• **Exercise input**

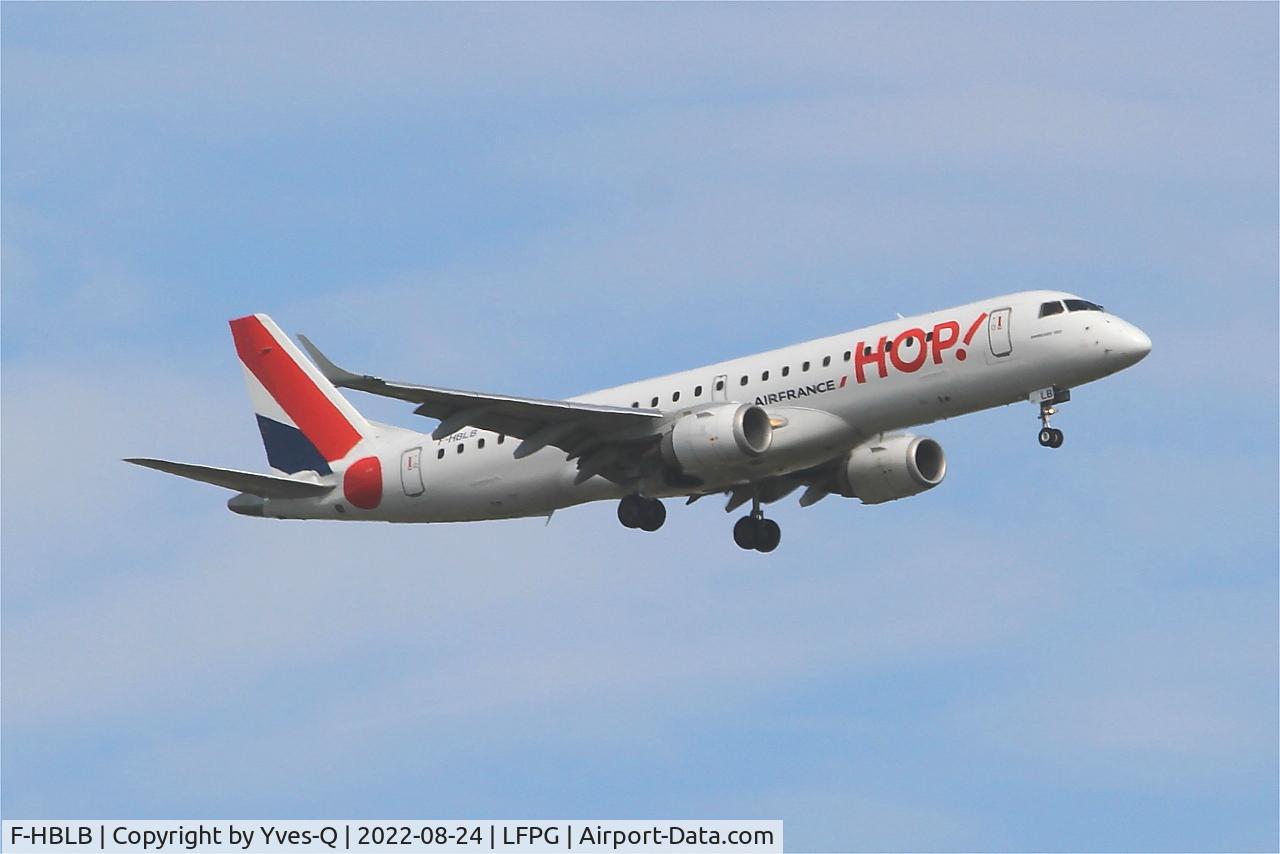 F-HBLB, 2007 Embraer 190LR (ERJ-190-100LR) C/N 19000060, Embraer 190LR, On final rwy 09L, Roissy Charles De Gaulle airport (LFPG-CDG)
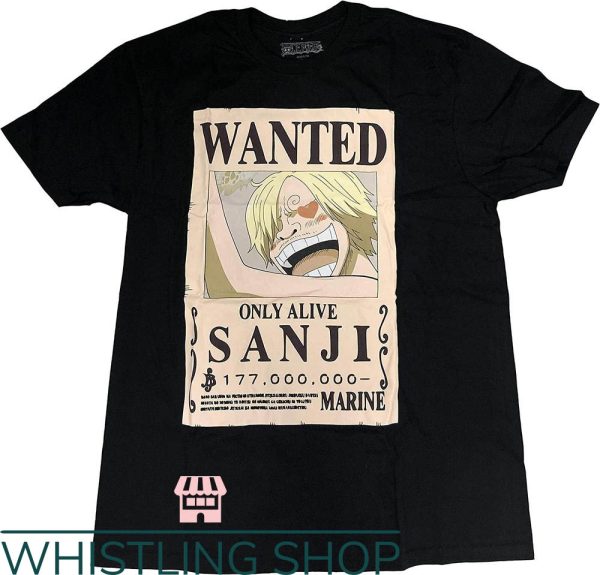 Momonga One Piece T-Shirt Sanji Wanted Bounty Only Alive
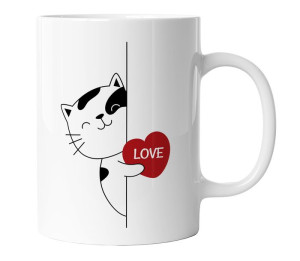 Kubek walentynkowy - Love + cat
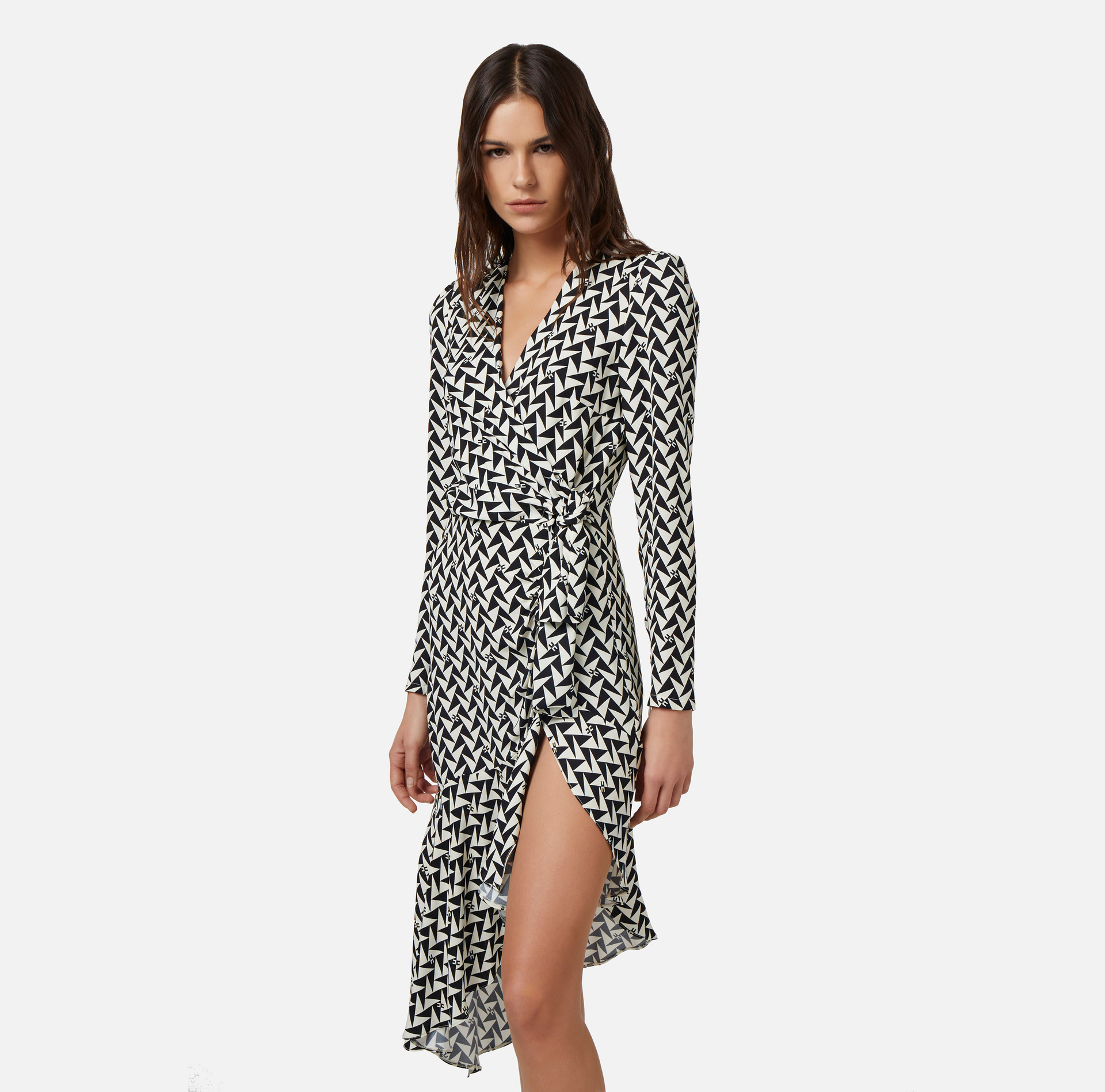 Robe midi en georgette de viscose imprimée - Elisabetta Franchi® Outlet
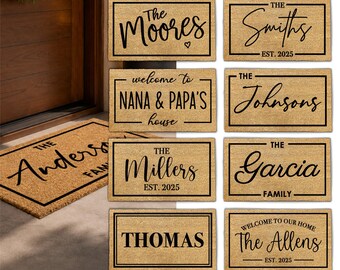 Personalised Surname Welcome Mat | Custom Family Name Doormat | Home Decor Gift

• **Exercise requirements**
Leave out the images and transcribe all the records exactly.

• **Solution**
 F-HBLB, 2007 Embraer 190LR (ERJ-190-100LR) C/N 19000060, Embraer 190LR, On final rwy 09L, Roissy Charles De Gaulle airport (LFPG-CDG)
 Momonga One Piece T-Shirt Sanji Wanted Bounty Only Alive
 Kubek walentynkowy - Love + cat
 Robe midi en georgette de viscose imprimée - Elisabetta Franchi® Outlet
 Personalised Surname Welcome Mat | Custom Family Name Doormat | Home Decor Gift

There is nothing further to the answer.